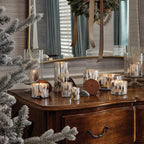 Thymes Frasier Fir Candle – Pine Needle Design – Holiday Scented Candle – Notes of Crisp Siberian Fir, Cedarwood & Sandalwood – Luxury Home Fragrance Gifts for Women & Men – Silver (Statement, 6.5 oz)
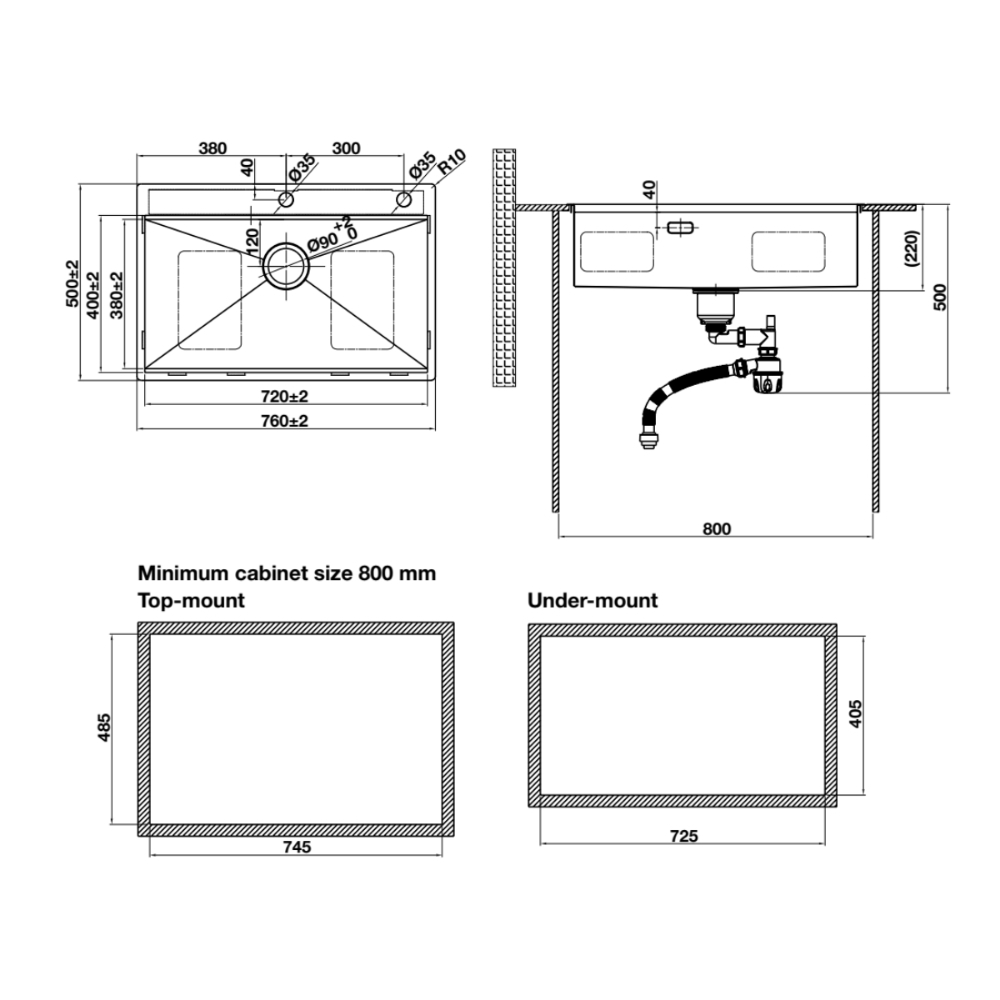 Chậu rửa chén Hafele WS R10 HS25-SSN1S-7650 567.24.484 màu titan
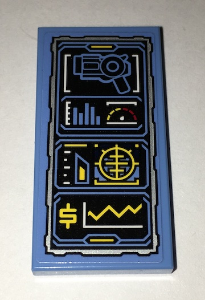 Tile 2 x 4 with Batcomputer Grappling Gun and Wayne Fortune Status Pattern (Sticker) - Set 70909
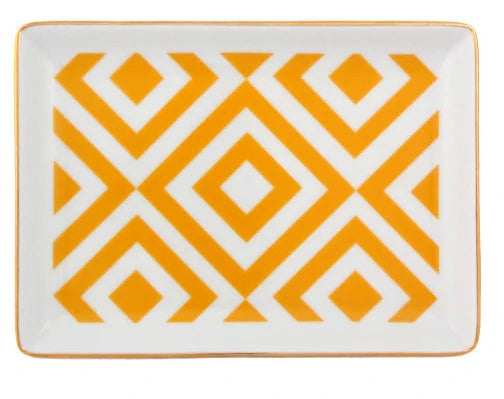Porland Morocco Rectangular Plate - Yellow, 18x13cm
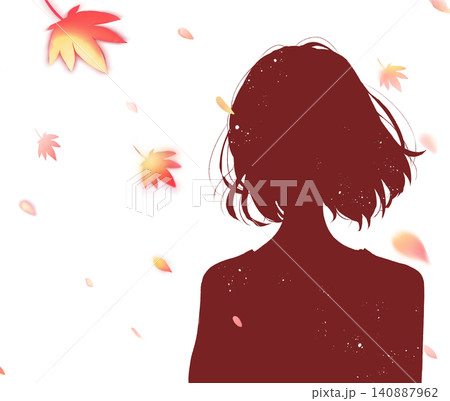 女性 バストアップ シルエット 紅葉 女性 バストアップ シルエット 紅葉 140887962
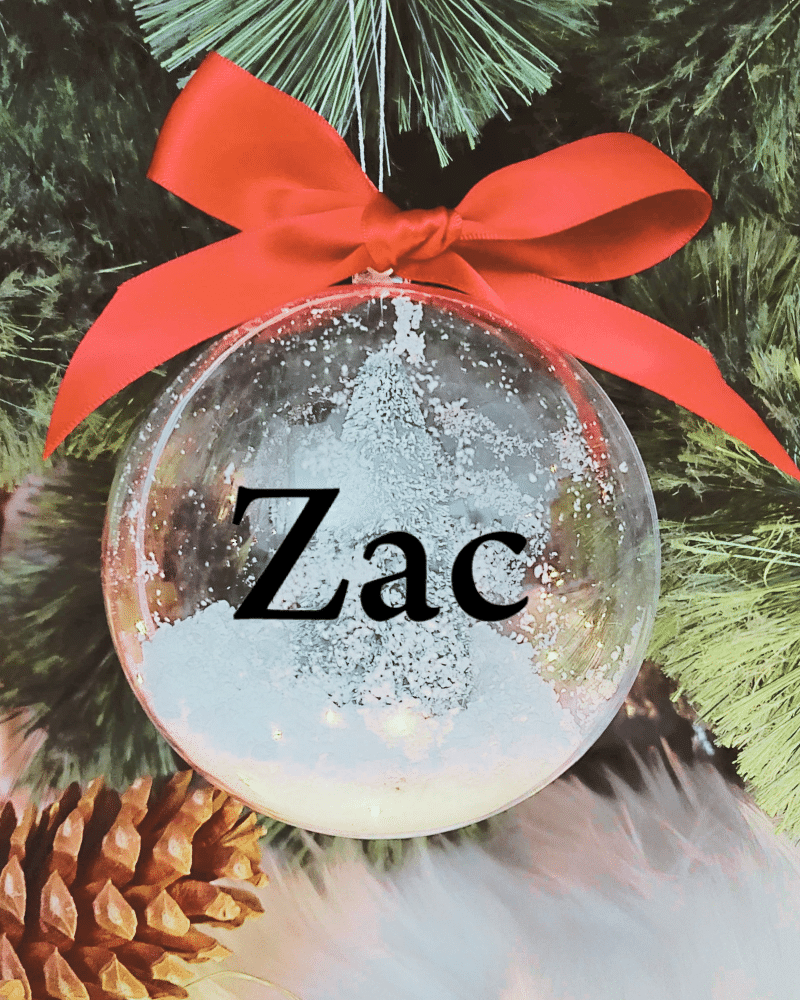 Personalised with Font Name Zac - 10cm Acrylic Bauble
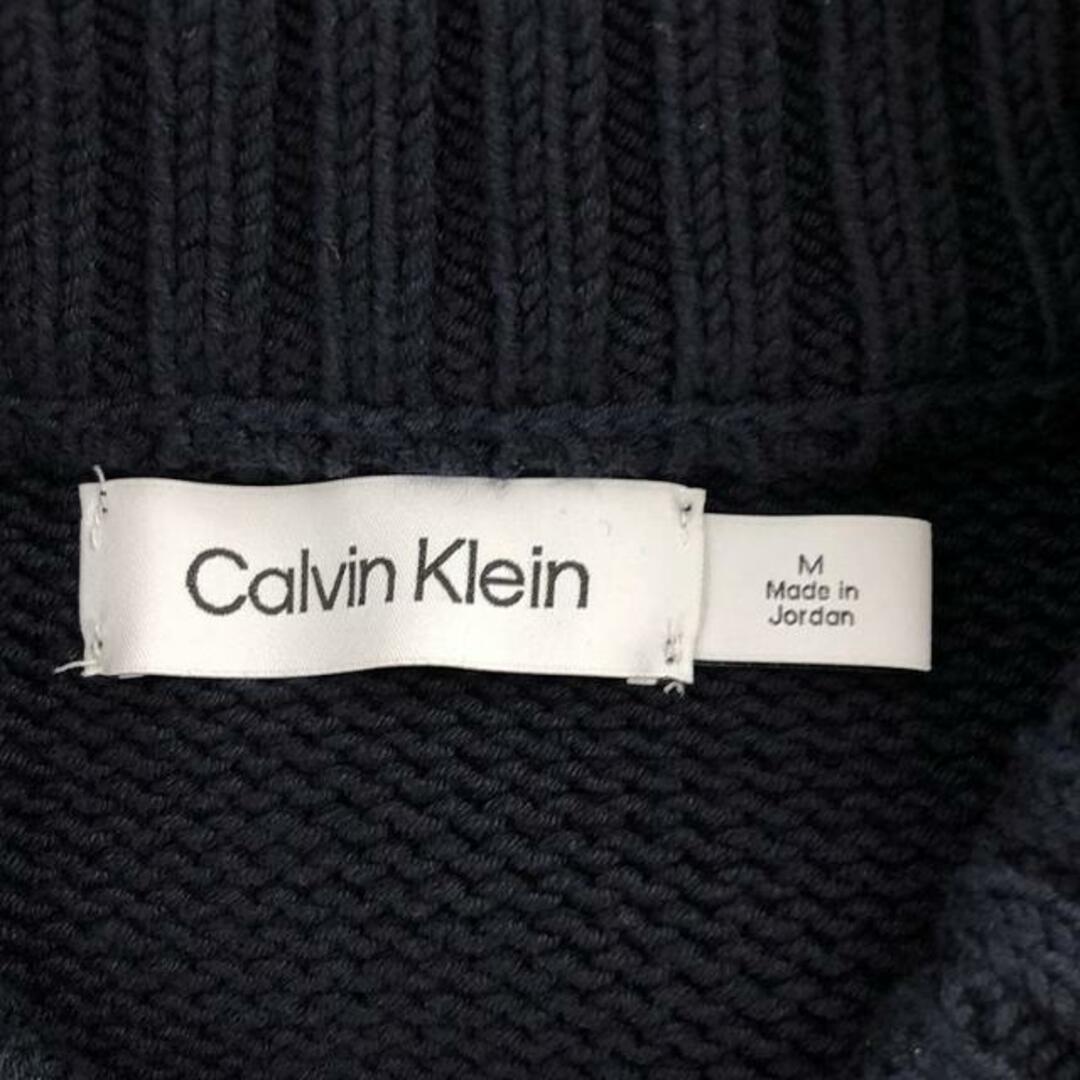 Calvin Klein(カルバンクライン)のCALVIN KLEIN / カルバンクライン | ロゴ モックネック ニット | M | ネイビー | メンズ メンズのトップス(ニット/セーター)の商品写真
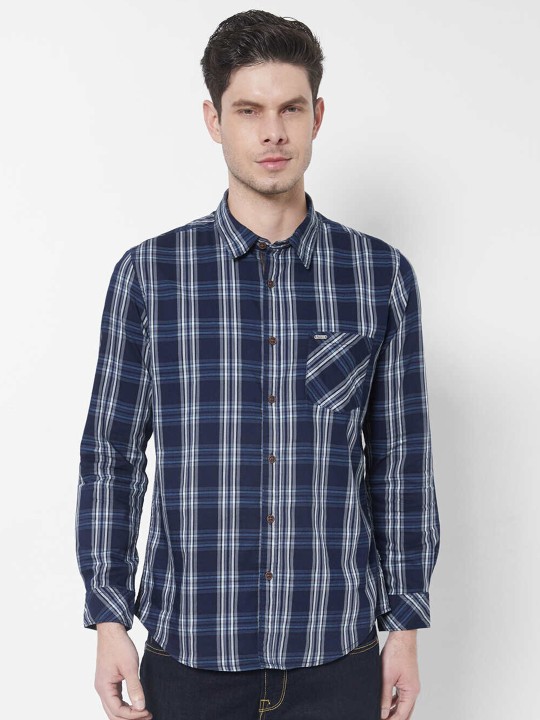  Pepe Jeans Men Tartan Checks Cotton Casual Shirt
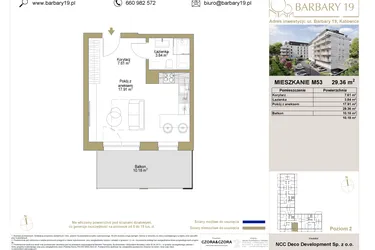 Rzut - Mieszkanie na sprzedaż 1 pokój o powierzchni 29,36 m² - numer 53 w Barbary 19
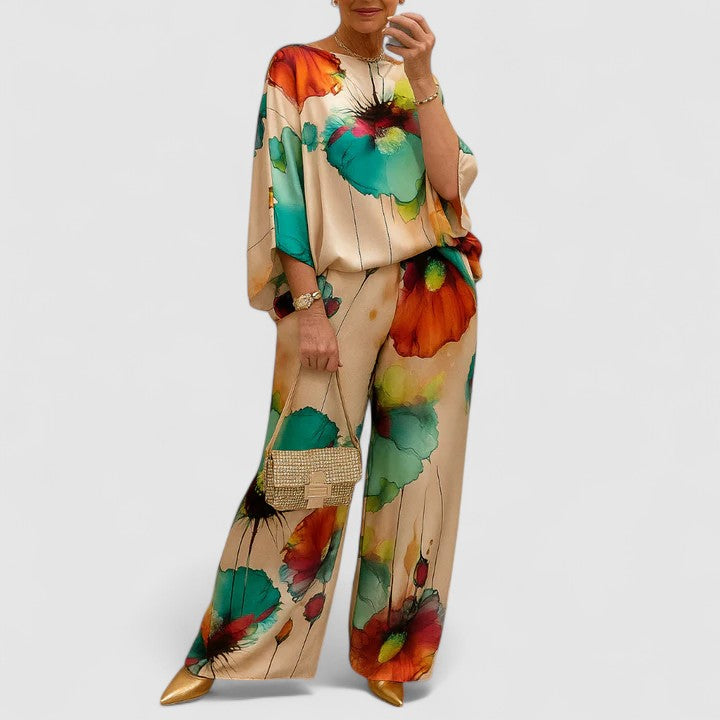 Floral Batwing Sleeve Top and Wide Leg Pants Two Piece Set 7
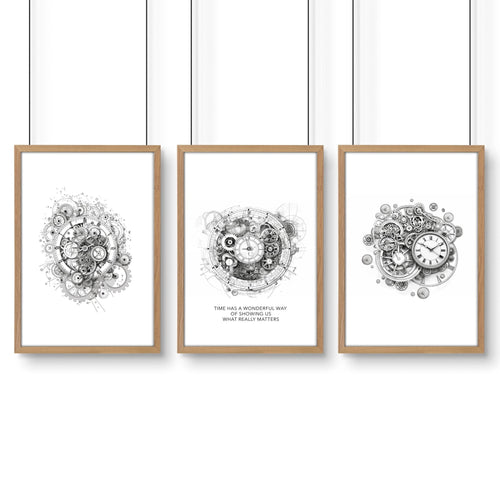 Modern Bedroom Wall Decor | Set of 3 Abstract Clocks Wall art Prints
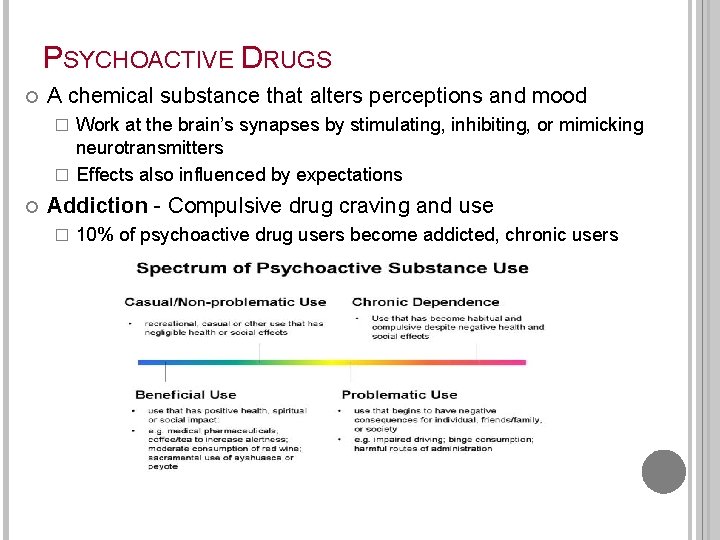 PSYCHOACTIVE DRUGS A chemical substance that alters perceptions and mood Work at the brain’s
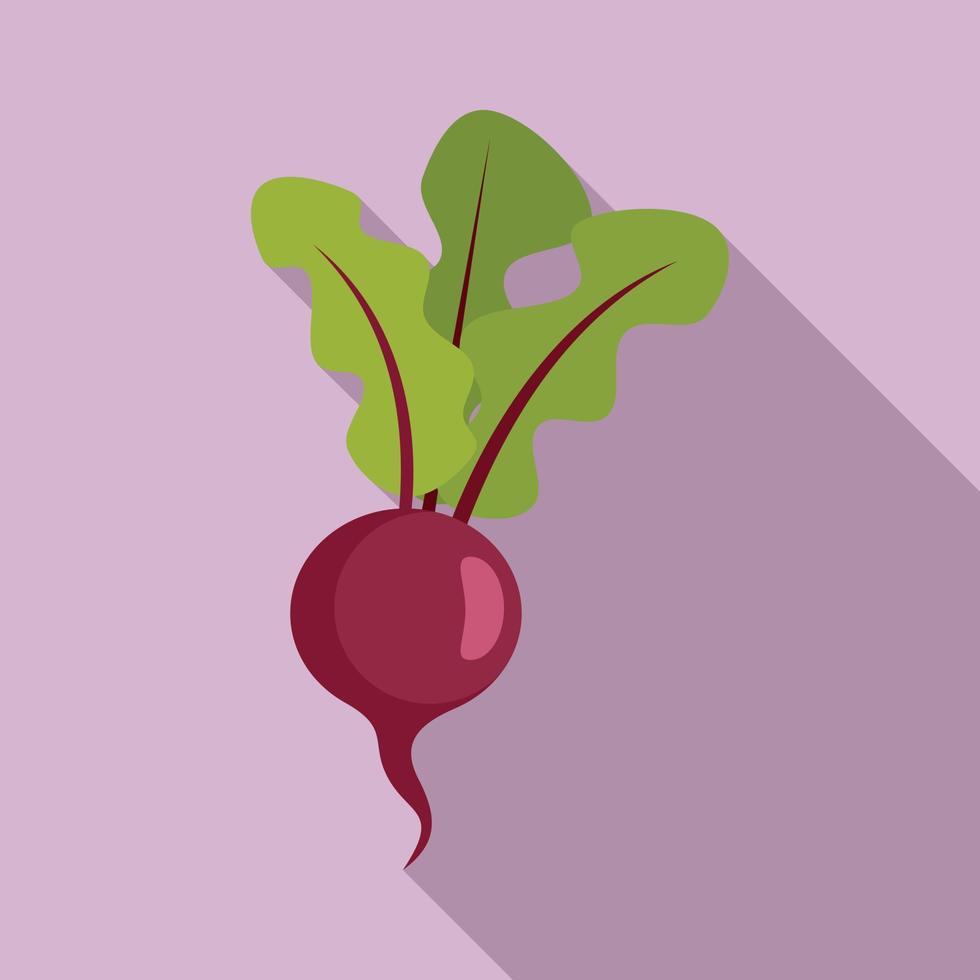 Organic beet icon, flat style vector
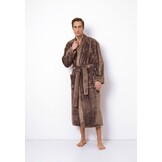 Taupe heren kimono fleece met relief patroon - ext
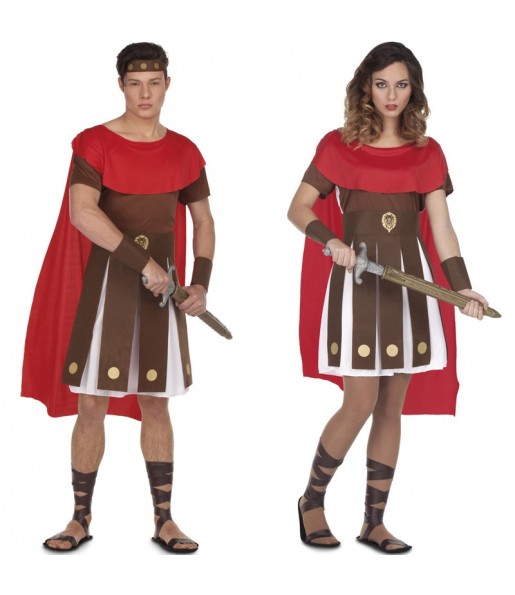 O casal romanos espartanos original e engraçado para se disfraçar com o seu parceiro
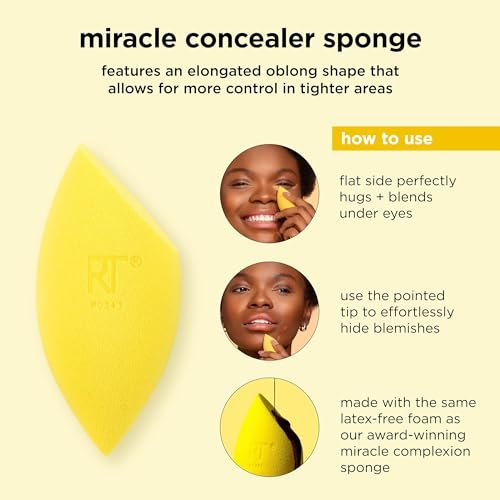 Real Techniques Miracle Concealer Sponge – Latex-Free Makeup Blending Sponge for Liquid & Cream Concealer, 2 Count, Yellow - görsel 9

===

- Task requirements: With pictures omitted, copy exactly the lines from the one containing "Personalised with Font" through the final line of the listing, both included.

- Result of this exercise:
 Personalised with Font Name Zac - 10cm Acrylic Bauble
 Calvin Klein(カルバンクライン)のCALVIN KLEIN / カルバンクライン | ロゴ モックネック ニット | M | ネイビー | メンズ メンズのトップス(ニット/セーター)の商品写真
  Pepe Jeans Men Tartan Checks Cotton Casual Shirt
 Rzut - Mieszkanie na sprzedaż 1 pokój o powierzchni 29,36 m² - numer 53 w Barbary 19
 Floral Batwing Sleeve Top and Wide Leg Pants Two Piece Set 7
 Modern Bedroom Wall Decor | Set of 3 Abstract Clocks Wall art Prints
 PSYCHOACTIVE DRUGS A chemical substance that alters perceptions and mood Work at the brain’s
 Organic beet icon, flat style vector
 Taupe heren kimono fleece met relief patroon - ext
 O casal romanos espartanos original e engraçado para se disfraçar com o seu parceiro
 Real Techniques Miracle Concealer Sponge – Latex-Free Makeup Blending Sponge for Liquid & Cream Concealer, 2 Count, Yellow - görsel 9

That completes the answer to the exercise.